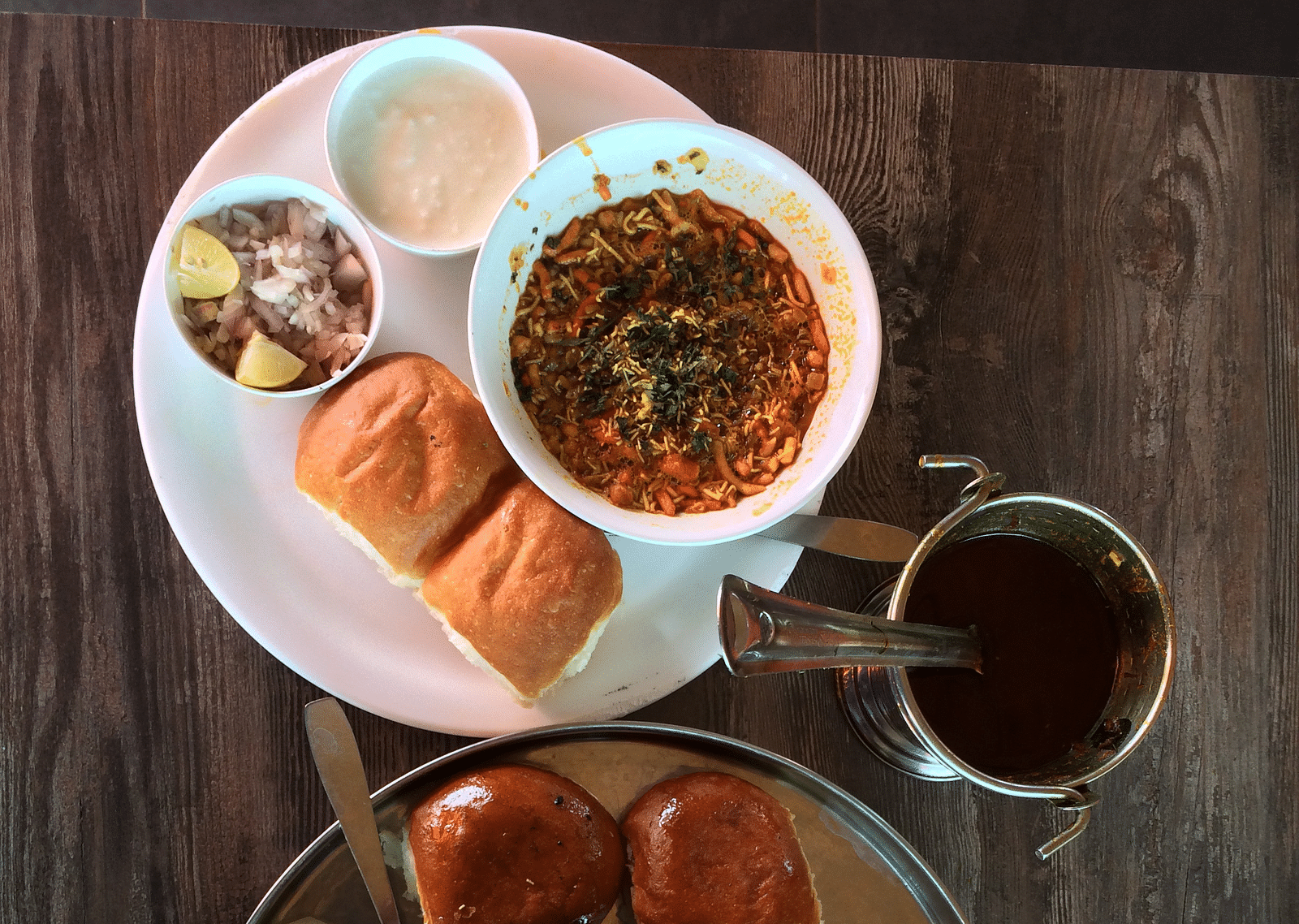 An aerial view of a breakfast spread that includes misal pav with onions, curd and other items.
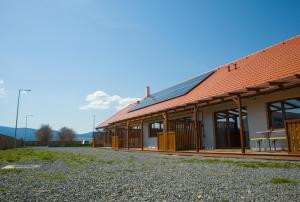 a building with a red roof with a picnic table at 4 Fa Apartmanok in Miercurea-Ciuc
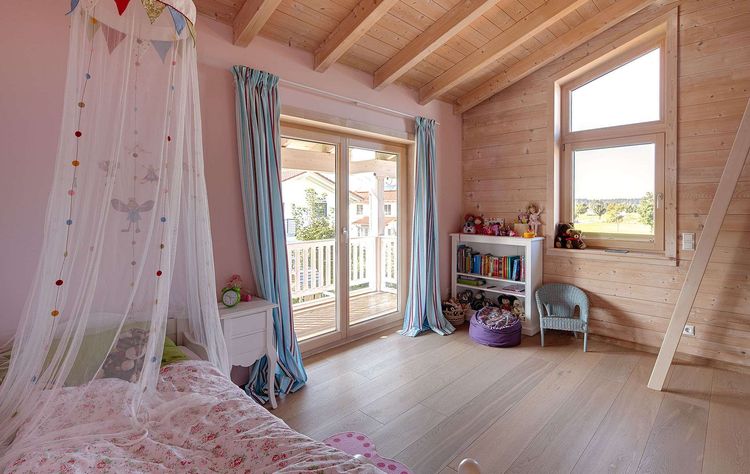 Das Kinderzimmer des modernen Holzhauses mit umlaufendem Balkon und Mischfassade aus Holz und Putz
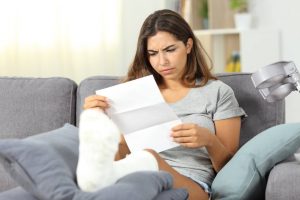 st. louis woman reading denial letter from insurance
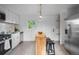 Bright kitchen with white cabinets, stainless steel appliances, and a functional butcher block island at 3980 S Hazel Ct, Englewood, CO 80110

++++++

__Task to carry out__: Above are some entries; copy exactly the lines from the line with "Das Kinderzimmer des" through the line with "st. louis woman", both included, but none of the pictures.

__Answer section__:
 Das Kinderzimmer des modernen Holzhauses mit umlaufendem Balkon und Mischfassade aus Holz und Putz
 st. louis woman reading denial letter from insurance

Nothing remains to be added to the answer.